I guess you have your reasons, but I'd think it would be the perfect thing to use in an objective function for portfolio optimization. What's the point in doing it manually; that's what we have computers for, right?

You can deviate from a market neutral portfolio – there is no hard and fast "fail" threshold. However, your average beta-to-SPY over a < 4-week period should probably average out to 0.

Well, 4 weeks isn't very you are saying you want market-neutral as a requirement, as I see it. I suggest you add this to your post.

What about dollar neutral? Long-only? Short-only? Anything in between? I think you are saying that dollar neutral is not a requirement.

One suggestion would be to use the requirements you've already laid out on, and then describe which of those pertain as-is, which ones are different for this challenge, and which additional requirements have been added. Putting things in a table is sometimes helpful.
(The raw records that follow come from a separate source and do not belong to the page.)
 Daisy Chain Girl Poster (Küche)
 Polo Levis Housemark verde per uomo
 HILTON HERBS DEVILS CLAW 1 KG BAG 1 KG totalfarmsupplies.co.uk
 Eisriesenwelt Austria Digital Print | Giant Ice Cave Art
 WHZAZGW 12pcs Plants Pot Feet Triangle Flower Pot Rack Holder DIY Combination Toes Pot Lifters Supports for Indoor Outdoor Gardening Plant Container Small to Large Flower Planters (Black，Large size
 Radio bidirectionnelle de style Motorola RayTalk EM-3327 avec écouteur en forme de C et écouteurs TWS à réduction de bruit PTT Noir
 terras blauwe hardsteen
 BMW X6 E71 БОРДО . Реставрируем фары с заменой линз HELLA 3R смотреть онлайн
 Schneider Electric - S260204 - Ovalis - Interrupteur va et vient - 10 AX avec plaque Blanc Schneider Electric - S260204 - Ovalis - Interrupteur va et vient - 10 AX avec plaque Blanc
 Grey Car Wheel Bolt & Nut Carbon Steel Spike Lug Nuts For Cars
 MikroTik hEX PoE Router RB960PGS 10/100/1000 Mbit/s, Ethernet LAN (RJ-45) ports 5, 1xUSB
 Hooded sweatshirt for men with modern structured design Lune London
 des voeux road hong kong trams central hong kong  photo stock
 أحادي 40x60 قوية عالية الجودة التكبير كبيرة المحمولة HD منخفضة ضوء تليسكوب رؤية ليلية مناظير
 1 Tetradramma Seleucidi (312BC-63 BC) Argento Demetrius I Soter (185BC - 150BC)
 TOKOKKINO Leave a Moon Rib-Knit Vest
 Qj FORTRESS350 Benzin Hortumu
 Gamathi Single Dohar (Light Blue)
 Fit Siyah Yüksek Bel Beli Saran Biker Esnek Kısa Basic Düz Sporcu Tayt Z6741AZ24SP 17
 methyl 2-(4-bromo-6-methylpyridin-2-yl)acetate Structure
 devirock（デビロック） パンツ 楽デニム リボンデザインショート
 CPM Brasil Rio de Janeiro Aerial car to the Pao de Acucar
we will implement a strategy in cohesion with many other strategies

How are you combining strategies? Specifically, I'm wondering if you use directional (long/short) information, or if you convert to unsigned scores? For example, say one submitted a short-only strategy. Would it then need to be combined with a long-only strategy to achieve dollar neutrality?

Or are you using the end-of-day positions as alpha factor scores, per the definition on :

An alpha is an expression, applied to the cross-section of your universe of stocks, which returns a vector of real numbers where these values are predictive of the relative magnitude of future returns.

In other words, you throw out the directional information, and are just interested in the relative scores across the universe.

Is there any relevance that the source of capital is "a large US corporate pension fund" or is this just promotional information?

I find it a bit surprising that the pension fund would be interested in excluding exactly the same common returns factors as Quantopian? Please explain.

I gather that Quantopian will not be offering algos for direct investment by the pension fund, but will somehow be combining them, and potentially offering a single investment. It would be interesting if you could elaborate on what you intend to offer.

Any idea if ETFs are allowed in the Third-Party Challenge?

I’ve confirmed that ETFs are ok but one still needs to hold at least 100 stocks in the QTU. Does anyone understand why the pension fund would care about having a certain number of stocks, and from the QTU?

Maybe someone from the pension fund can speak to this?